Given data START
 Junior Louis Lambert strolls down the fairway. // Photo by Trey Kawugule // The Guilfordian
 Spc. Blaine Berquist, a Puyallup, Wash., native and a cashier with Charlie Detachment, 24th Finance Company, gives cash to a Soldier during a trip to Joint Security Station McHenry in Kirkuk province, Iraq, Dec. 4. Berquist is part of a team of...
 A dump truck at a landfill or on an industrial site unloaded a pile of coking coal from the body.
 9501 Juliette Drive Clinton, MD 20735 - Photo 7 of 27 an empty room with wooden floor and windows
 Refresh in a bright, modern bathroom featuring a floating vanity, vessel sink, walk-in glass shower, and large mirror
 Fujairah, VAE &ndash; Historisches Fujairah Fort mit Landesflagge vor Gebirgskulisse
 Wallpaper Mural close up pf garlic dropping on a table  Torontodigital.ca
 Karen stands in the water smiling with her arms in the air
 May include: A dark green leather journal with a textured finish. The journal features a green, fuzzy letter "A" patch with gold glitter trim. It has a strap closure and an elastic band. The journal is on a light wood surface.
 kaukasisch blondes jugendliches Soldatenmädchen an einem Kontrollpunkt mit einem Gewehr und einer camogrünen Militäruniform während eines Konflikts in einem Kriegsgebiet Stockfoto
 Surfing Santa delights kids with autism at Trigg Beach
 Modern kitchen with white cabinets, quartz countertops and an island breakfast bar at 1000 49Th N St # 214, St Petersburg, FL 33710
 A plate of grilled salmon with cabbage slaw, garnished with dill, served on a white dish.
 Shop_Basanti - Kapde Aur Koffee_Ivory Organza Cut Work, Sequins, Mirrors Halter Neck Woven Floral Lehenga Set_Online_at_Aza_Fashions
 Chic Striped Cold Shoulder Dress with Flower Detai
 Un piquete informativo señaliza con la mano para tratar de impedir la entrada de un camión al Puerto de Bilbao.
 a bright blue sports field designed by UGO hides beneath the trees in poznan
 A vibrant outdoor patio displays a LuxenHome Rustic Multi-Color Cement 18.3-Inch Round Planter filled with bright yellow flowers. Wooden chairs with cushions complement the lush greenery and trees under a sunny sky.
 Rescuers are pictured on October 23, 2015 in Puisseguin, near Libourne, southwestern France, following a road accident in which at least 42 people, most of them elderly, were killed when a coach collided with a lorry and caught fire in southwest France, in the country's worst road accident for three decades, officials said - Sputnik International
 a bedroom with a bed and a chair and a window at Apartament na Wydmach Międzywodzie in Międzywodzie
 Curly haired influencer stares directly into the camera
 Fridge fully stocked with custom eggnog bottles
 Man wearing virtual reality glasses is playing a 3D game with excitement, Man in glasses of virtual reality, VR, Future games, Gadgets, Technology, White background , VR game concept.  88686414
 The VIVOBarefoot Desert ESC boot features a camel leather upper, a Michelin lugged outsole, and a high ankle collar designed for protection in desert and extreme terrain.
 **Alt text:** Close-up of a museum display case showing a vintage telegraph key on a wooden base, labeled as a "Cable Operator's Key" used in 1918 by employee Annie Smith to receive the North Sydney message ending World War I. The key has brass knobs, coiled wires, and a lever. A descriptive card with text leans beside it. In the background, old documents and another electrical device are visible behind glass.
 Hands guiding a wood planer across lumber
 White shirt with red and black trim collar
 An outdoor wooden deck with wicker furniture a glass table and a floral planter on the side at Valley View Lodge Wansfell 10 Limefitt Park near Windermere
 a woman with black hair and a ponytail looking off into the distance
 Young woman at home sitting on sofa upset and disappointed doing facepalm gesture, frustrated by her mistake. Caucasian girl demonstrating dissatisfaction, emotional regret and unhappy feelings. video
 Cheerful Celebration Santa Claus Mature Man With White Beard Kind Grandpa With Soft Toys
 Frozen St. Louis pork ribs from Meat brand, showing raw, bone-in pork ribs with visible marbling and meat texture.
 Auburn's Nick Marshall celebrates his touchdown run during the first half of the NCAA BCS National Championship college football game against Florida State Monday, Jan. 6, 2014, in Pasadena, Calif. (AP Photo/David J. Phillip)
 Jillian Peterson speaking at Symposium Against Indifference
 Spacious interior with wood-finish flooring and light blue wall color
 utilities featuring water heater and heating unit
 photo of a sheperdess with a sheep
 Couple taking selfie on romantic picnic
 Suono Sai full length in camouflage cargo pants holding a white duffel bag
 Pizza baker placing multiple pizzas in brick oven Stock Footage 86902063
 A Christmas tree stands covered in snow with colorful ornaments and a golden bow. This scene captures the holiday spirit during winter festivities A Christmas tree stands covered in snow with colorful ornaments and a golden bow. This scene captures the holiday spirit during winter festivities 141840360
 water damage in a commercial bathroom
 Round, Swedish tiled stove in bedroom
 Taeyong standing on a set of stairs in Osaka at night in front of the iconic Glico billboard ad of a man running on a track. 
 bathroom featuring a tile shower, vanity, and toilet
Given data END
To do: Only one span is wanted. It runs from the first line of the listing through the line with "Karen stands in", and each line must match exactly.

Solution to this exercise:
 Junior Louis Lambert strolls down the fairway. // Photo by Trey Kawugule // The Guilfordian
 Spc. Blaine Berquist, a Puyallup, Wash., native and a cashier with Charlie Detachment, 24th Finance Company, gives cash to a Soldier during a trip to Joint Security Station McHenry in Kirkuk province, Iraq, Dec. 4. Berquist is part of a team of...
 A dump truck at a landfill or on an industrial site unloaded a pile of coking coal from the body.
 9501 Juliette Drive Clinton, MD 20735 - Photo 7 of 27 an empty room with wooden floor and windows
 Refresh in a bright, modern bathroom featuring a floating vanity, vessel sink, walk-in glass shower, and large mirror
 Fujairah, VAE &ndash; Historisches Fujairah Fort mit Landesflagge vor Gebirgskulisse
 Wallpaper Mural close up pf garlic dropping on a table  Torontodigital.ca
 Karen stands in the water smiling with her arms in the air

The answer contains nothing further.